Wednesday, November 10, 2010

This Week's Reading

Now that my grading is getting caught up, I'm launching back into my comprehensive exam preparation.  That means reading books, articles, and book reviews.  I should have my European and Military & Naval reading lists nailed down in the next week, but U.S. is under control.  Since I don't have time to wait, and owe one of my dissertation co-chairs some work, I'm launching right into the Military & Naval, which has some overlap with the European list.
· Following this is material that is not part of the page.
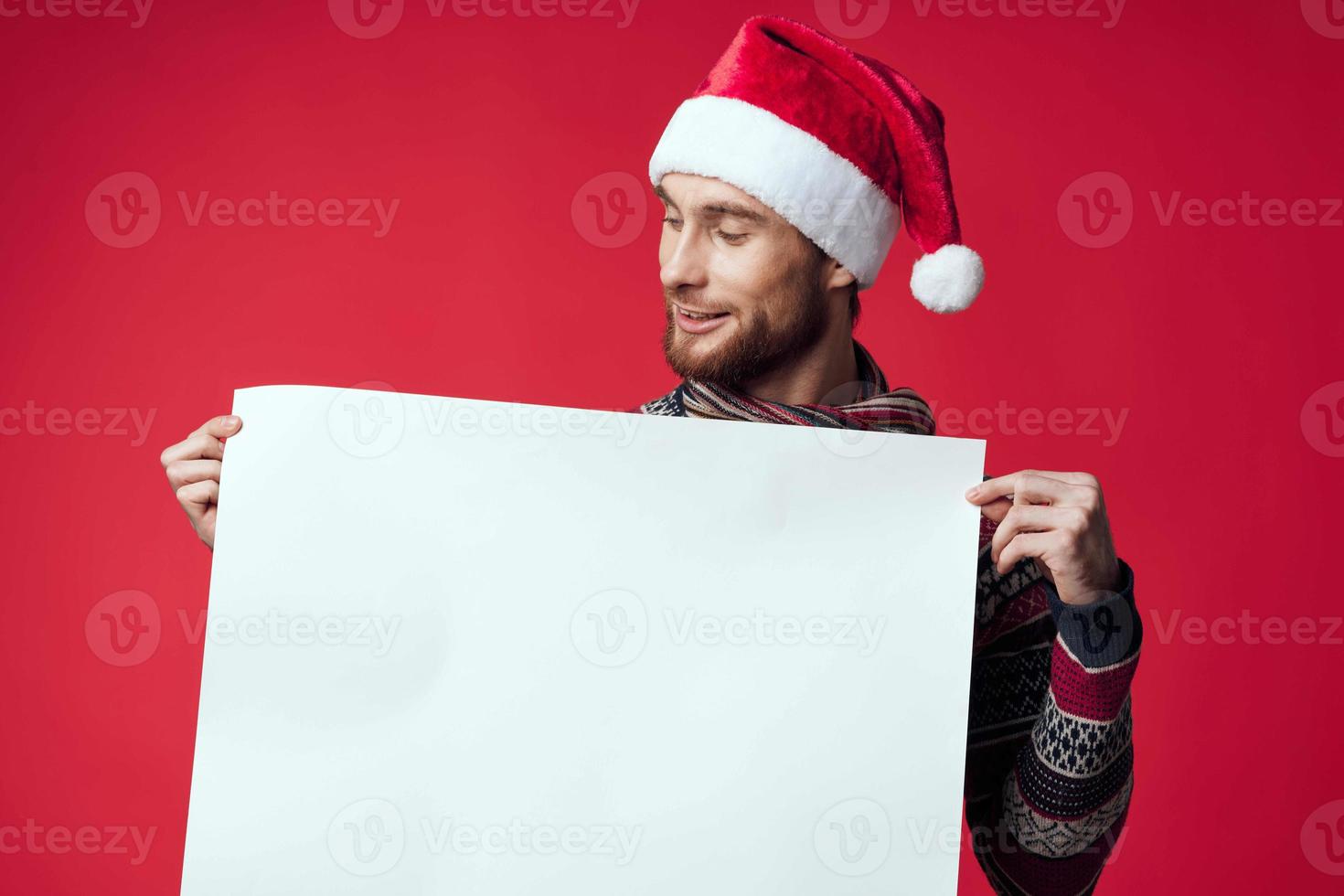 Cheerful man in New Year's clothes advertising copy space isolated background photo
This week's light reading:

  1. Jan Glete, War and the State in Early Modern Europe: Spain, the Dutch Republic and Sweden as Fiscal-Military States, 1500-1660.
  2. Brian M. Dowling, The Military Revolution and Political Change: Origins of Democracy and Autocracy in Early Modern Europe.
  3. William H. McNeill, The Pursuit of Power: Technology, Armed Force, and Society since A.D. 1000.
  4. Judith Butler, Gender Trouble.
  5. Philip Caputo, A Rumor of War.
  6. Le Ly Hayslip, When Heaven and Earth Changed Places: A Vietnamese Woman's Journey from War to Peace.
  7. Ronald J. Glasser, 365 Days.


  1. How do you keep up with reading so many books? When you read, do you take notes or just let the information absorb by osmosis? Also, do you read for a specific purpose, so you can skim through the irrelevant parts, or are all parts of these books equally important to you?
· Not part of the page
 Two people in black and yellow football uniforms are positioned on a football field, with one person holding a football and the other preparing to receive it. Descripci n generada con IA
    I am wondering because I want to go to graduate school. I have about 2 years left to complete by Bachelors degree. Reading has always been my weak point. Can you give me some advice?
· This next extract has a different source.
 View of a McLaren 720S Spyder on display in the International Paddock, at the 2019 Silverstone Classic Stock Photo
  2. I take notes while I read, but some week's I don't get all the way through the reading and have to carry some over - last week I didn't finish Glete, so I'm finishing it tonight. Hints: do your reading in areas without distractions - no TV, loud conversations, etc... Read the introductory material and conclusion first so you know what the book is about. Then work through the rest. I also read the acknowledgments and bibliographies before diving in so I know where the author is coming from. The biggest thing is that I do very little else - most weeks I watch only about 6 hours of scheduled TV. Anything beyond that is after 9:30 or 10:00 pm, and I get up early enough to be productive by 8:00 am. I usually take one night or day off per week unless I'm sick or injured.

    One thing I suggest to my undergrads is to try out the SQ3R study method, which you can find using Google.